I’m very interested in a cross test against different setups (devices, OS, features) as well as general comments like “Is the README clear enough”?

I’m also interested in 2.4 compatibility. No worries: the final release will support 2.4 and 2.5, but I switched to 2.5 for development.

If you encounter issues: Please include

  • OS type, OH version
  • a TRACE log
  • Shelly device type
  • a short description

Please note: This is a BETA! Make a copy of the existing installation, there is NO guarantee that everything works like before, but I’ll fix issues asap.

Thx and have a great weekend with testing the binding :wink:

I had a look at the readme and I have grave concerns about the callback url. If it can’t work using https and it can’t work without authentication than it can’t work. Period.

The ability to get sprinkler events in your openHAB cannot justify the insane risk of exposing your openHAB directly to the internet without any protection at all. Any random person can see everything about your home automation, install stuffy in your machine, and from there completely own your entire home between without even needing to work at it. They don’t have to crack anything. They just can use the stuff built into openHAB that you do kindly exposed to everyone in the world.

See My personal openHAB server infrastructure hacked for one example.

If Rachio won’t support doing this securely using HTTPS and OAuth2, Rachio doesn’t really support callbacks and we should not encourage it’s use. At a minimum you need to add a paragraph telling users they should not use this under any circumstances but if they insist provide an understanding of the risks they are taking. And this paragraph needs to make it clear, don’t do this, ever.

Consequently, in my educated opinion (CISSP, do security engineering for a living) this callback feature should not be supported by the binding in the first place.

If Rachio can support https and at heart basic auth, than provide instructions for configuring the callback to work through myopenhab.org.

Edit: it might not be clear based on your write-up, but by configuring NAT, you’ve exposed your entire oh to the internet. The reverse proxy configurations are slightly better but I’m my opinion, insufficient protection. I expected more of Rachio.
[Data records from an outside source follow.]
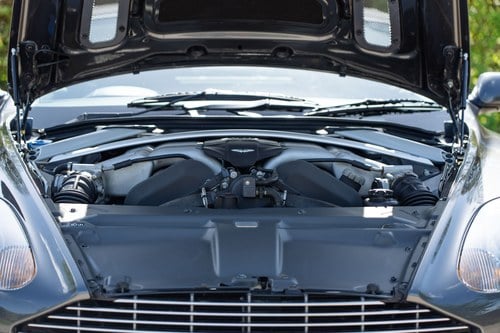 2006 Aston Martin DB9 Volante - 12,850 Miles à venda (imagem 105 de 158)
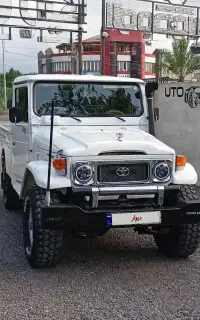 تویوتا لندکروزر دو اف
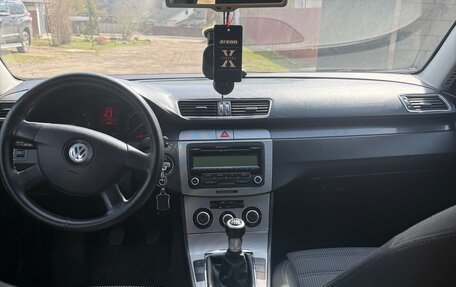 Volkswagen Passat B6, 2006 год, 530 000 рублей, 9 фотография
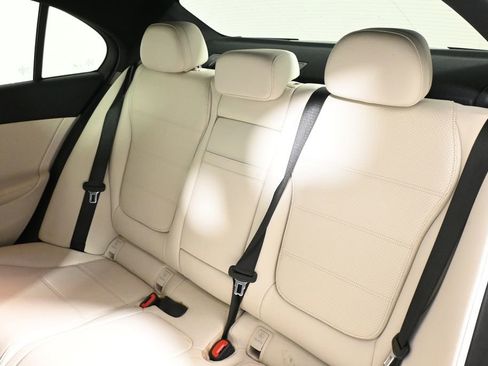 Used 2023 Mercedes-Benz C 300 4MATIC Sedan image 4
If this feature is to be retained, only provide the instructions for the reverse proxy and eliminate all the other really unsafe alternatives.

The binding DOES support https callbacks (see older postings) , but yes, the README is out-dated at that point. I Already start working on that.

In general the following security pattern applies to improve security

  1. The user has to register an application with Rachio Cloud and gets an api key. The binding needs to present this to the API, otherwise it can’t access the api / account.

  2. Outbound communication is https-based (https://api.rach.io/1/public/, no certificates), so no unsecured communication in general.

  3. The binding generates a private id, which is send with the api initialization (each time a different one), mirrored in the callback and validated by the binding.

  4. The binding loads the AWS IP range list on startup and restricts incoming calls to those address ranges, because Rachio cloud is hosted on AWS in the US (e.g. also no EMEA AWS addresses are accepted).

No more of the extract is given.